## Short web captions
==========

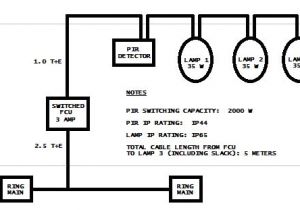 Wiring Up Spotlights Diagram Downlights Wiring Diagram Wiring Diagram Name Wiring Up Spotlights Diagram Downlights Wiring Diagram Wiring Diagram Name
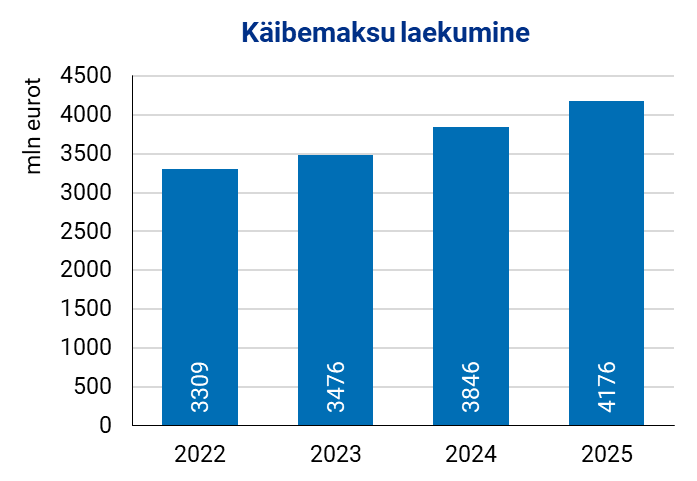 Joonis. Käibemaksu laekumine miljonites eurodes: 2022. aastal 3309, 2023. a 3476, 2024. a 3846, 2025. a 4176.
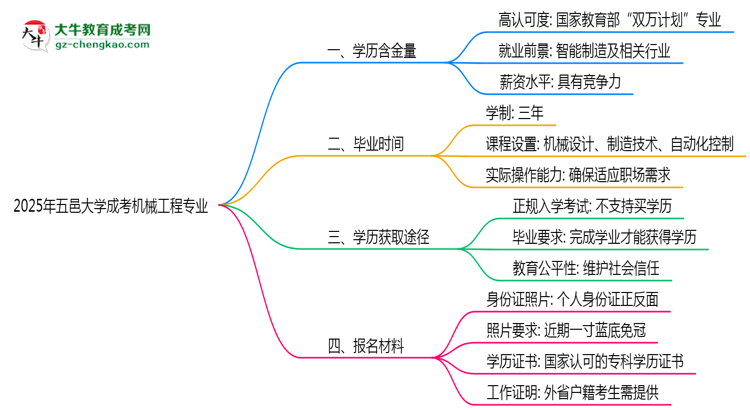 2025年五邑大學成考機械工程專業(yè)學歷的含金量怎么樣？思維導圖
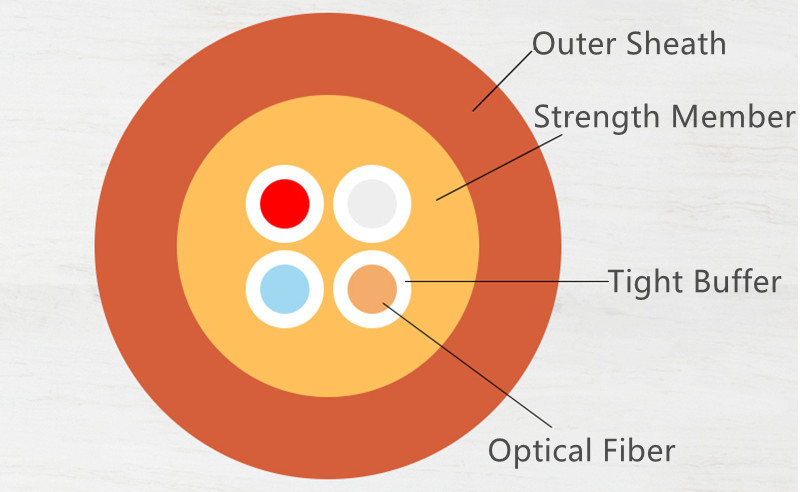 section drawing of the distribution cables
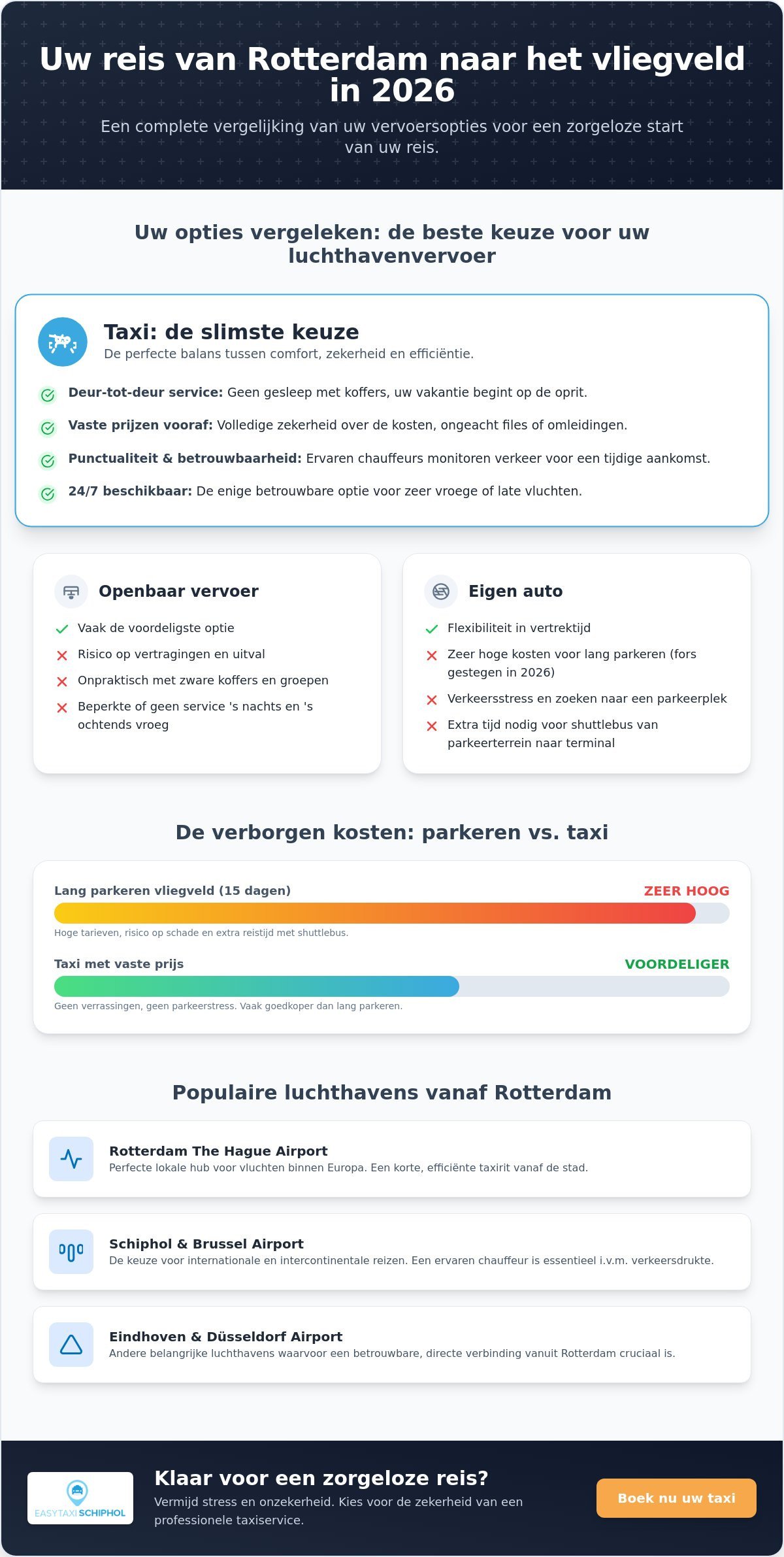 Taxi Rotterdam naar vliegveld: uw complete gids voor luchthavenvervoer in 2026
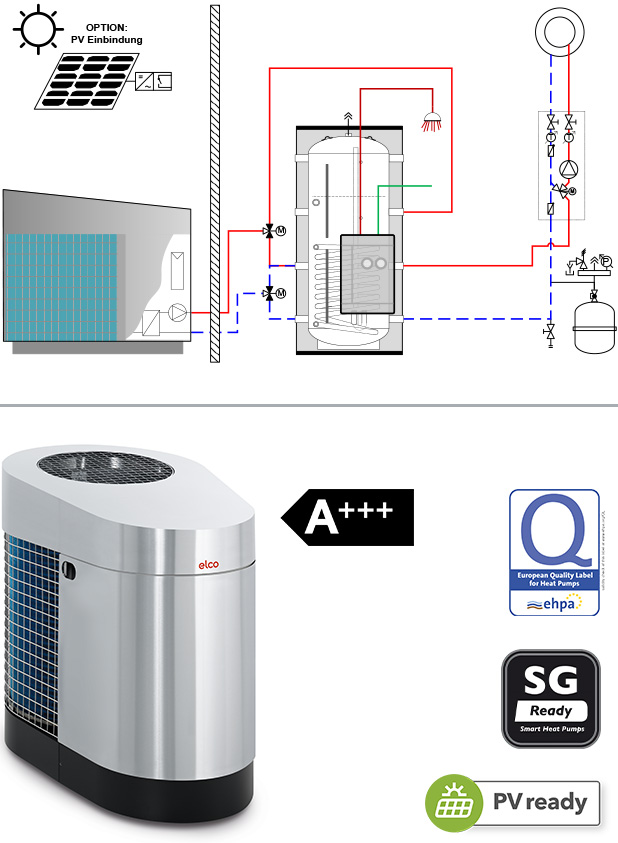 Wärmepumpe AEROTOP SG ELCO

==========

Copy out all the entries exactly. Images stay out of the copy.

## EXPECTED ANSWER
 Wiring Up Spotlights Diagram Downlights Wiring Diagram Wiring Diagram Name Wiring Up Spotlights Diagram Downlights Wiring Diagram Wiring Diagram Name
 Joonis. Käibemaksu laekumine miljonites eurodes: 2022. aastal 3309, 2023. a 3476, 2024. a 3846, 2025. a 4176.
 2025年五邑大學成考機械工程專業(yè)學歷的含金量怎么樣？思維導圖
 section drawing of the distribution cables
 Taxi Rotterdam naar vliegveld: uw complete gids voor luchthavenvervoer in 2026
 Wärmepumpe AEROTOP SG ELCO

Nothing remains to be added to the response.